The `entity_extraction` section of `default_config.yaml` now exposes several knobs for graph-centric workflows:

- `relationship_parsing`: choose the preferred output format (`json`, `markdown`, `auto`), optionally supply a custom parser class or schema, and pass parser-specific kwargs. This lets you tighten validation for LLM responses (e.g., point at your own Pydantic schema).
- `relationship_prompts`: declare a default prompt template plus per-provider overrides (e.g., map `"anthropic"` to a Claude-specific prompt).

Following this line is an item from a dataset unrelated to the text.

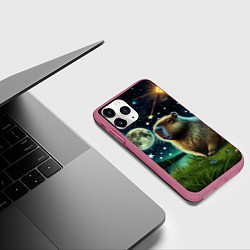 Чехол iPhone 11 Pro матовый Капибара прогулки в полнолуние, цвет: 3D-малиновый — фото 2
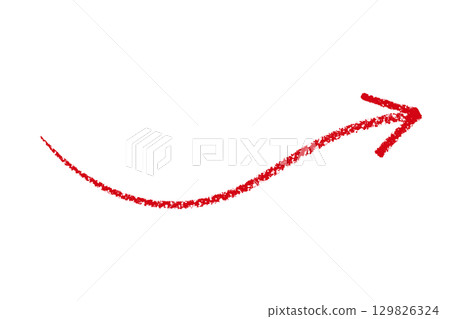 Curled thin red crayon arrow element design 129826324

The service picks the prompt whose provider matches the active `BaseLLMCaller`.
- `graph_retriever`: enable creation of a graph retriever after entity extraction, select the backend (`simple` or `neo4j/langchain_neo4j`), and tune parameters like `top_k` or `include_edges`. When enabled, `EntityExtractionService` and `IngestionPipeline` expose a retriever you can plug into downstream chains.

Example excerpt:

```yaml
entity_extraction:
  relationship_parsing:
    preferred_format: "markdown"
    schema: "my_project.schemas.RelationshipListV2"
  relationship_prompts:
    default: "relationship_extraction"
    providers:
      openai: "relationship_extraction_openai"
      anthropic: "relationship_extraction_claude"
  graph_retriever:
    enabled: true
    backend: "neo4j"
    top_k: 10
```

See `docs/configuration.md` for the full field reference.

## Contributing

Contributions to RAGdoll are welcome! To contribute:

1.  Fork the repository.
2.  Create a new branch for your changes.
3.  Make your changes and write tests.
4.  Submit a pull request.

## License

RAGdoll is licensed under the [MIT License](LICENSE).